What you need to do =>
Every entry below should be copied exactly, minus the pictures.

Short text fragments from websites

+ + + + +

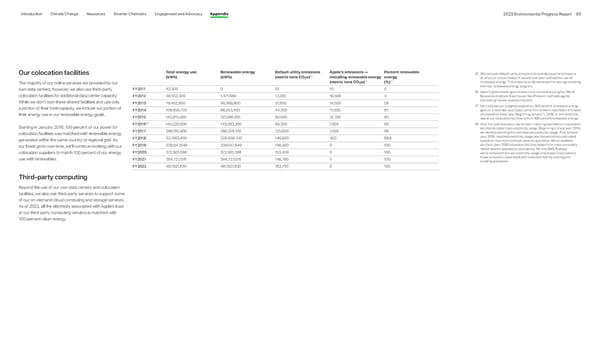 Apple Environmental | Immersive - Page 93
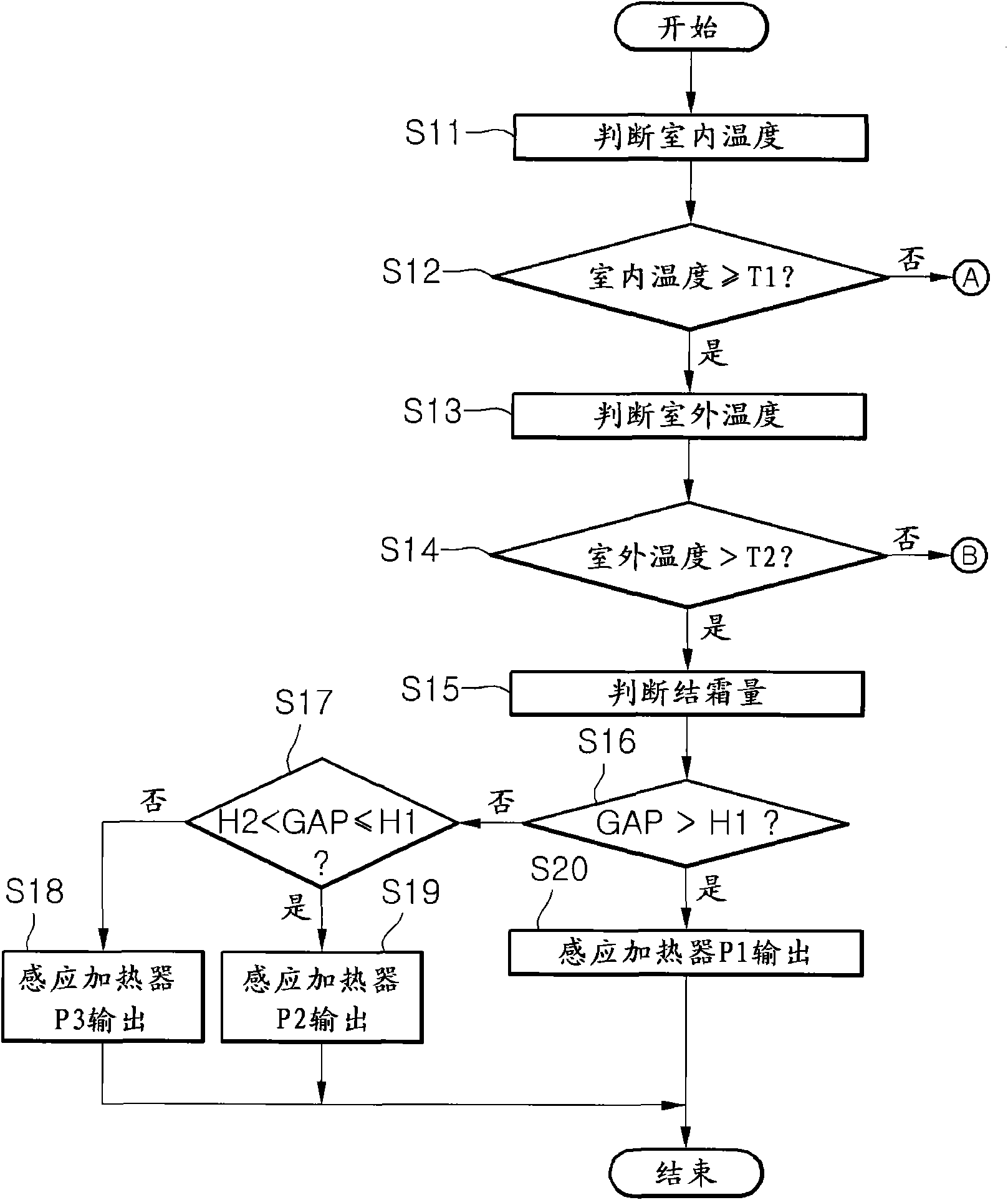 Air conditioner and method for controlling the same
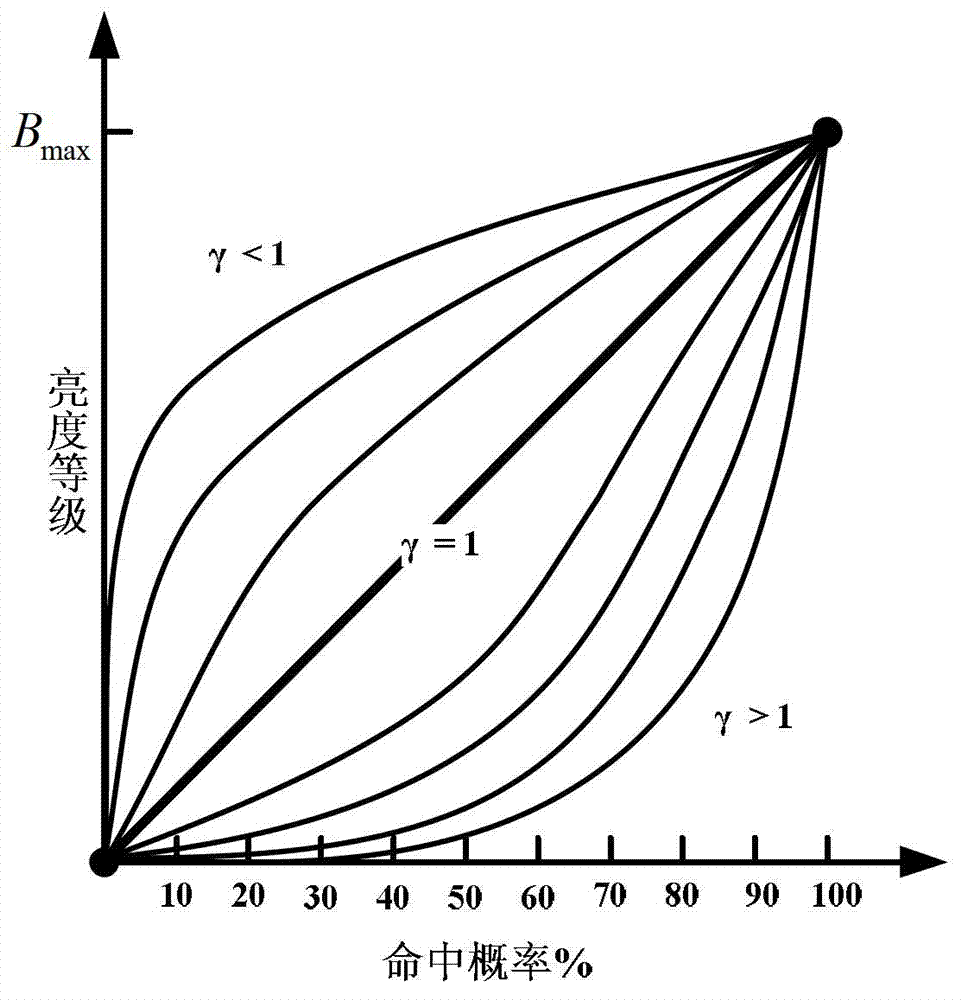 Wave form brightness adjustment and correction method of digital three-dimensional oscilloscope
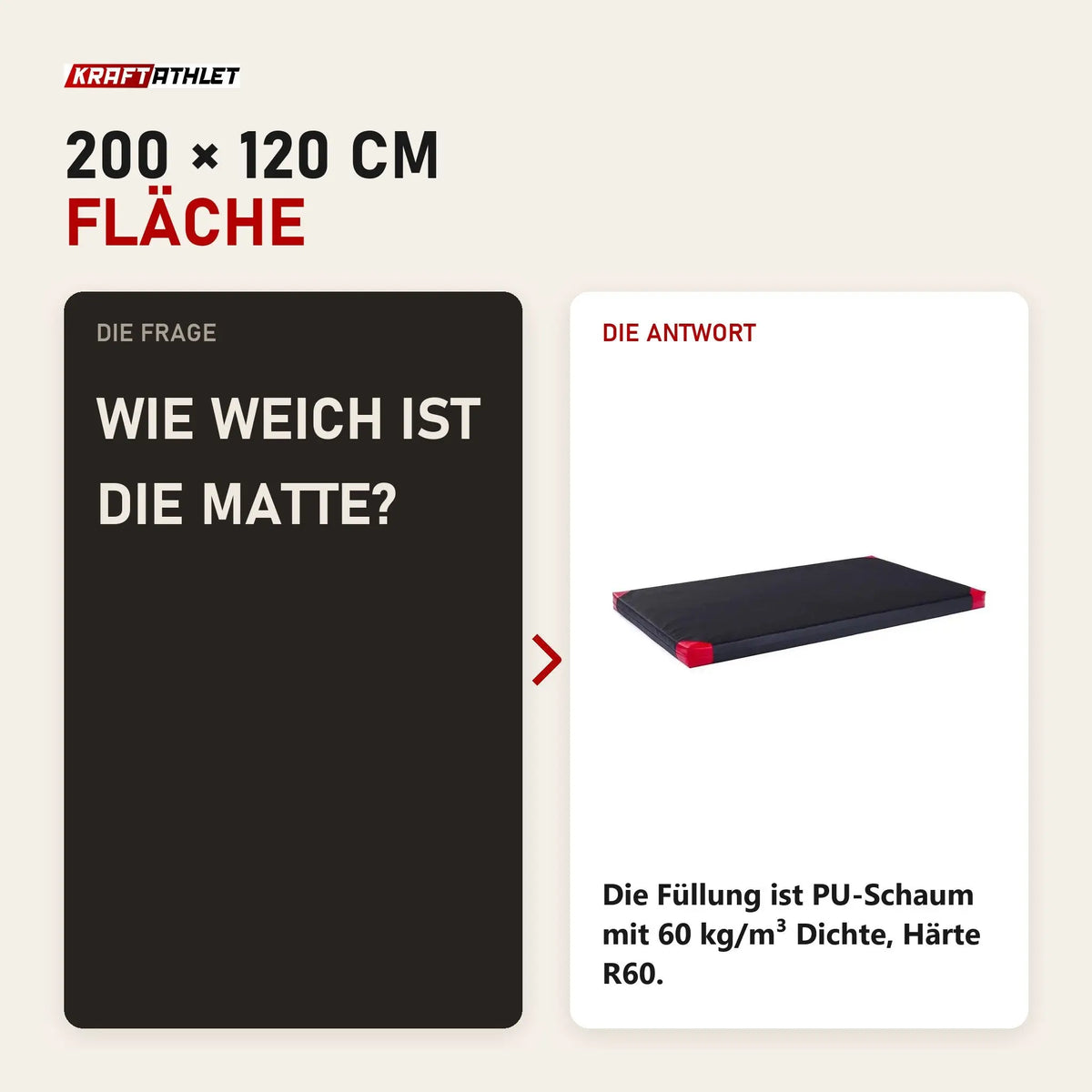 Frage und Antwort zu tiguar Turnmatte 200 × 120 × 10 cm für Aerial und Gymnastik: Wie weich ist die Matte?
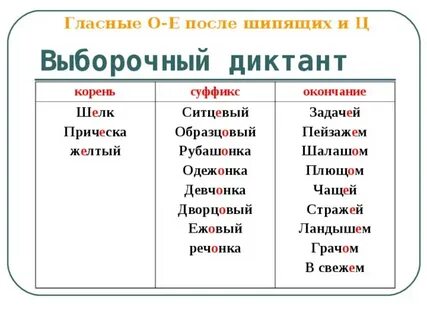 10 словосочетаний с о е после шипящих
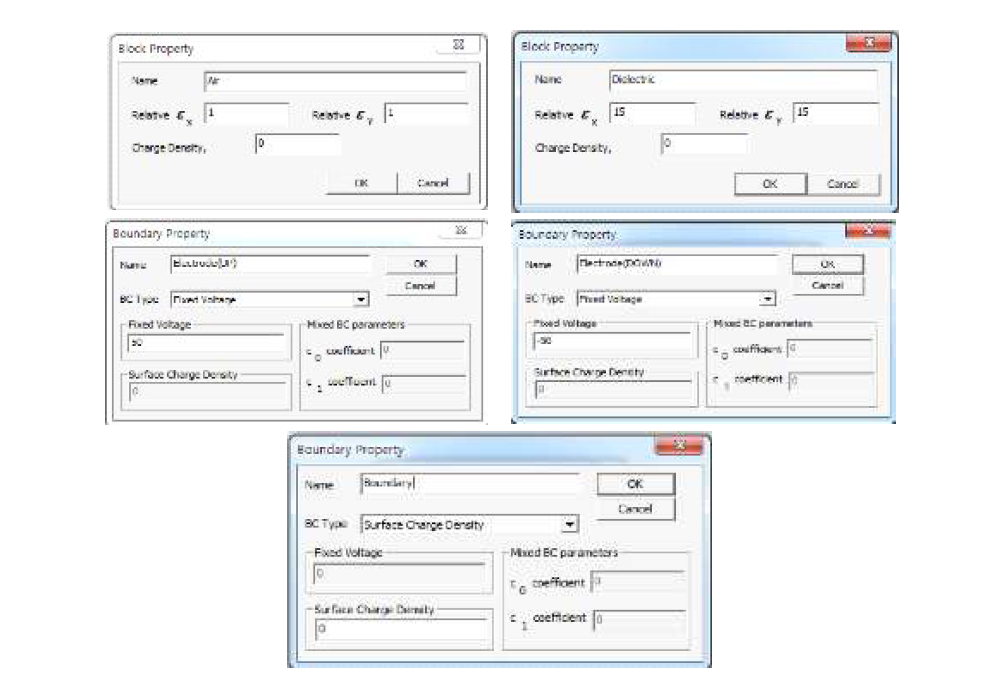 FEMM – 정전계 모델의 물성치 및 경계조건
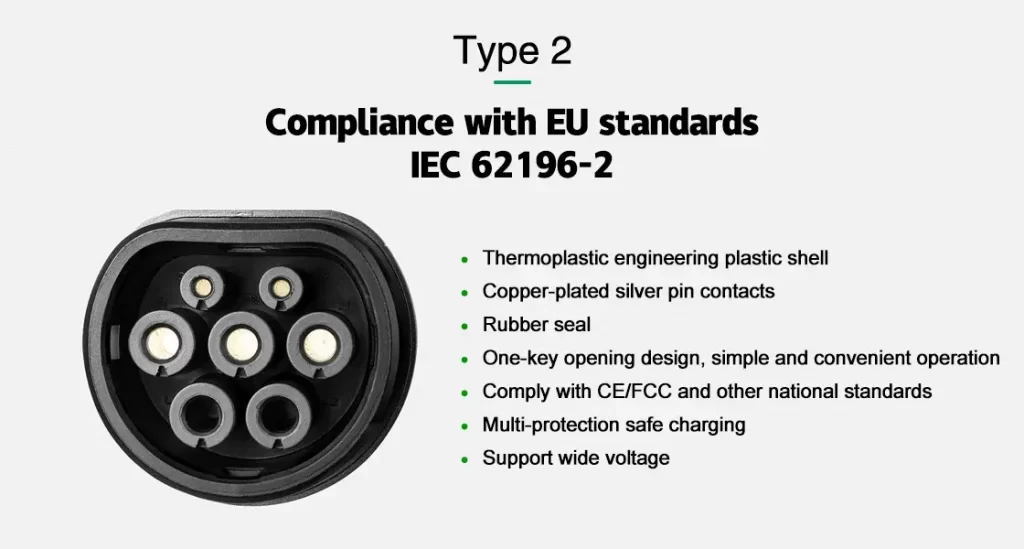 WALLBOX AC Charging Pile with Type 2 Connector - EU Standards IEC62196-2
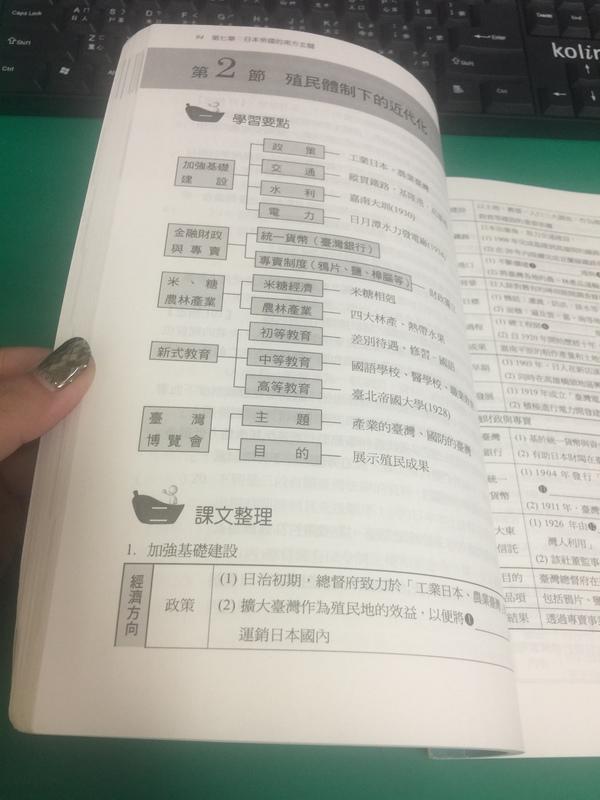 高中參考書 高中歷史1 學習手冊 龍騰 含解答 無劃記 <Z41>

+ + + + +

Answer section =>
 Apple Environmental | Immersive - Page 93
 Air conditioner and method for controlling the same
 Wave form brightness adjustment and correction method of digital three-dimensional oscilloscope
 Frage und Antwort zu tiguar Turnmatte 200 × 120 × 10 cm für Aerial und Gymnastik: Wie weich ist die Matte?
 10 словосочетаний с о е после шипящих
 FEMM – 정전계 모델의 물성치 및 경계조건
 WALLBOX AC Charging Pile with Type 2 Connector - EU Standards IEC62196-2
 高中參考書 高中歷史1 學習手冊 龍騰 含解答 無劃記 <Z41>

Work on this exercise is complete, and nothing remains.